Durante la corsa il robot doveva raggiungere una velocità massima di 14,5 metri al secondo, ovvero circa 52 chilometri all'ora. Se i dati del produttore sono corretti, ciò significa una prestazione eccezionale nella categoria dei robot umanoidi, la cui progettazione deve affrontare oltre alla velocità anche stabilità, coordinamento dei movimenti e consumo energetico. Honor confronta il proprio risultato con la performance storica dell'atleta giamaicano Usain Bolt. Nel 2009 ai campionati mondiali di atletica a Berlino ha corso i 100 metri in 9,58 secondi, stabilendo un record mondiale che rimane tuttora il record ufficiale nella corsa maschile sui 100 metri.

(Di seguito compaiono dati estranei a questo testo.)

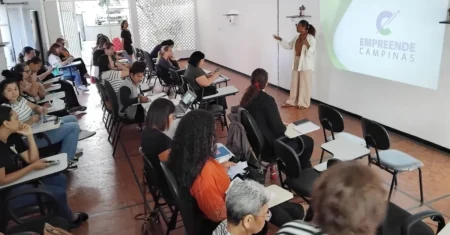 Secretaria de Políticas para as Mulheres e FEAC fazem encontro do projeto Empreende Campinas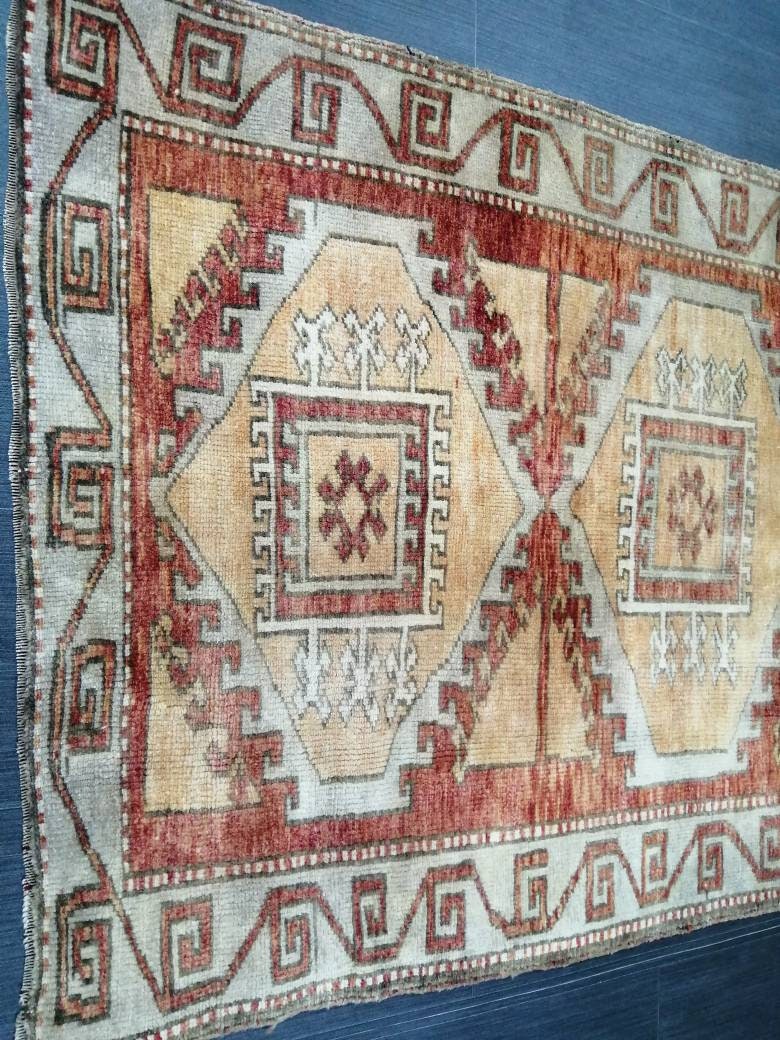 Turkish Oushak Rug 3' 2" x 6' Hand-Knotted border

Il tempo di Lightning di 9,32 secondi è quindi più veloce di quello del record mondiale di Bolt di 0,26 secondi. Il confronto va tuttavia interpretato principalmente come una dimostrazione tecnologica. La prestazione di un robot umanoide e quella di un atleta umano avvengono in condizioni diverse e sono soggette a regole differenti. Inoltre il robot non partecipa alle competizioni atletiche e la sua performance pertanto non può essere considerata un nuovo record mondiale nell'atletica umana. Tuttavia, il test dimostra quanto velocemente le capacità dei moderni robot umanoidi stiano progredendo. Gli sviluppatori si concentrano ormai non solo sulla loro abilità di camminare, manipolare oggetti o comunicare con gli esseri umani. Sempre maggiore attenzione viene dedicata anche al movimento dinamico, alla velocità e all'abilità dei robot di mantenere autonomamente l'equilibrio ad alta velocità.

Nei recenti anni la Cina è diventata uno dei principali centri per lo sviluppo della robotica umanoidale. Produttori e aziende tecnologiche lavorano qui su robot destinati al settore industriale, alla logistica, ai servizi e ad altri ambiti. Lightning si inserisce quindi in un più ampio trend nel quale le macchine umanoidi stanno gradualmente passando dai test di laboratorio all'utilizzo pratico. La performance del robot Honor dimostra inoltre che la corsa per i robot umanoidi più avanzati sta sempre più spostandosi dall'aspetto esteriore e dalla capacità di imitare i movimenti umani a parametri tecnici misurabili. In questo caso, il tempo sui 100 metri è diventato una dimostrazione impressionante delle possibilità della robotica attuale.